Ja, ich halte KCD für das beste Spiel seit Jahren. Ja, ich halte den aktuellen Hype um das Spiel auf PCGames.de für gerechtfertigt. Aber all das ist lediglich meine persönliche Meinung.
Zur Information: Der Thread hier stellt lediglich ein Zwischenfazit nach 30 Spielstunden dar, da ich mit dem Spiel noch nicht durch bin.
Aber warum eigentlich?
Erstens sei gesagt: Es ist zweifelsohne korrekt, dass KCD Ecken und Kanten hat. Und davon jede Menge.
1. Die Performance bricht gern mal ein.
2. Die CPU-Last in Städten ist exorbitant hoch.
3. Es gibt kleinere Bugs, die zwar in meinen Augen wenig stören, aber in der Summe doch sehr auffällig sind.
4. Das Kampfsystem ist fraglos wenig einsteigerfreundlich und unpräzise.
5. Die Animationen, insbesondere in Dialogen, sind steif und alles andere als zeitgemäß. Selbst The Witcher 3 hat das besser hinbekommen und auch da nicht perfekt.
6. Das Speichersystem ist eine nette, innovative Idee ( ), aber in der Praxis einfach nicht zu gebrauchen.

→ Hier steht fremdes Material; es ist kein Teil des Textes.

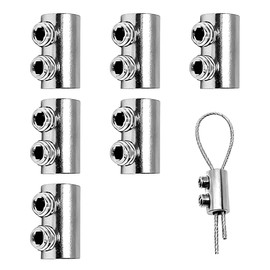 Pack of 6 Wire Rope Clips, Universal Rope Clamp and Tension Wire Holder for 2.5 mm Steel Cable Attachment, Metal Double Hole Fasteners for DIY, Garden and Construction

Mal ganz davon abgesehen, dass das Spiel alles andere als massentauglich ist und mit seinem etwas sperrigen Gameplay den ein oder anderen Spieler vor den Kopf stoßen könnte. Es ist kein Spiel, das man sich zwischendurch mal rein pfeift. Man braucht definitiv Zeit. Und Belohnungen? Wirklich interessante Orte, Items etc., wie man sie z.B. in Skyrim findet? Fehlanzeige. Für Quests gibt es Geld und das einzig "wertvolle", was ich beim Erforschen der Welt gefunden habe, war eine ziemlich gute Rüstung eines Magdeburger Ritters, die irgendwo versteckt im Wald lag (wie auch immer die da hingekommen ist). Den Rest verkauft man eben.
Eigentlich sind das alles Dinge, die einen Spieler durchaus zurecht vom Kauf abhalten könnten.
Aber: KCD nimmt den Spieler ernst. Es ist fair. Es fordert heraus. KCD will, dass sich der Spieler genau überlegt, wie er skillt, vorgeht, was er in Dialogen sagt. Was haben Dialogentscheidungen für Auswirkungen? Sollte ich das Kumanenlager wirklich frontal angreifen oder sollte ich doch lieber auf die Nacht warten und eine heimlichere Methode versuchen? Nehme ich lieber einen Schild und erhöhe damit meinen Schutz, nehme dafür aber in Kauf, die Übersicht in Kämpfen schneller zu verlieren? Oder bleibe ich doch lieber beim Schwert, behalte so die Übersicht, und nehme in Kauf, dass ich im Fall eines Treffers mehr Schaden kassiere? Was auch immer man in KCD macht und tut, es hat Vor- und Nachteile...und entsprechende Konsequenzen.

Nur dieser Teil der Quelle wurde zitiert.